L’altro binario è quello del governo: «Io non faccio resistenza, sono pronto ad avanzare le proposte che servono». Su questo fronte il credo del sindaco di Firenze è uno e uno solo: «Cose concrete, niente chiacchiere». Tra le «cose concerete», il primo cittadino del capoluogo toscano pone una questione.
Una questione che sarà nel programma di governo che il Pd offrirà a Letta: «Cinque miliardi di investimenti che l’Europa deve accettare fuori dal patto di Stabilità per ristrutturare gli edifici scolastici». Una frase che non è stata detta «en passant». Sarà uno dei punti su cui il Partito democratico insisterà nel momento in cui Enrico Letta chie-derà di chiudere il patto di governo che è stato ribattezzato «Impegno 2014».
Già, perche il leader del Pd ha molte proposte sul tappeto, «una più concreta dell’altra». Non di sola legge elettorale si vive e Renzi sembra esserne più che conscio. Tant’è vero che sta sollecitando ai «suoi» parlamentari proposte e suggerimenti per il programma di governo che verrà. Ed è su quel binario che ormai viaggia il treno di Renzi: «Fatti concreti, proposte concrete», è il suo nuovo slogan. Tant’è vero che quando Letta (che ha sentito ancora ieri) e Franceschini (che sente un giorno sì e l’altro pure) gli hanno posto il tema del rimpasto, il sindaco di Firenze ha fatto orecchie da mercante. Il tema non lo appassiona. Di più: non ne vuol sentir parlare. Almeno fino a quando il governo non avrà deciso di «fare sul serio». Ma anche dopo è difficile. Renzi resisterà alle lusinghe di un rimpasto che si limiterebbe a due, tre ministeri: «Non mi interessa chi va dove».
Per farla breve, Renzi non vuole «un aggiustamento» per ricalibrare uomini e rapporti di forza, o per dare una pennellata di nuovo al programma di governo. «Non hanno capito niente di me», continua a ripetere il segretario del Pd, che non si capacita del fatto che il suo «no» al rimpastino non venga preso per quello che è. Ossia un no, punto e basta.

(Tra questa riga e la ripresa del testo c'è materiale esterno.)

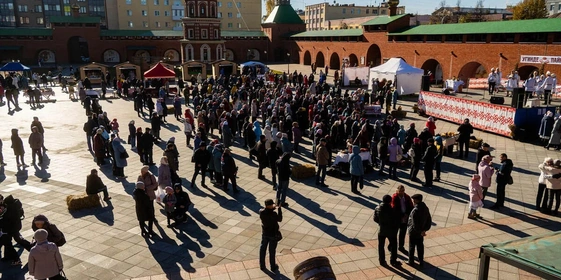 Праздник проходит на&nbsp;территории кремля в&nbsp;центре Йошкар-Олы © Фото Никита Луковников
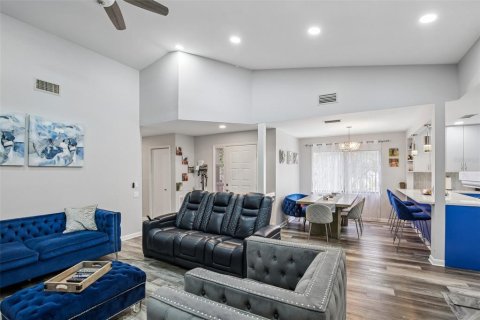 Copropriété à vendre à Palm Harbor, Floride: 3 chambres, 137.96 m2 № 2096537 - photo 5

Per questa ragione, pur seguendo la procedura «programma di governo» e dando gli ultimi ritocchi al «Jobs act», il primo cittadino del capoluogo toscano continua a seguire con grande attenzione la «pratica riforma elettorale»: «Perché so che su questo mi gioco l’osso del collo… di più, su questo mi posso auto-ammazzare».
Ma il gioco vale la candela, secondo il sindaco di Firenze, perché, come confida ai suoi, «il 35 per cento è una meta assolutamente a portata di mano, tanto più che secondo me gli elettori di Beppe Grillo sono già in libera uscita».
Sono i 5 Stelle l’obiettivo di Renzi. O meglio, i loro elettori, perché stando a tutti i sondaggi è lì che il Pd può fare il salto, è quella l’area che alle urne può fare la vera differenza. Ed è chiaro che se il segretario del Partito democratico porta a casa le tre riforme su cui punta, quella elettorale, l’abolizione del Senato e la revisione dell’articolo V della Costituzione, Grillo avrà un’arma in meno e «noi dei voti in più».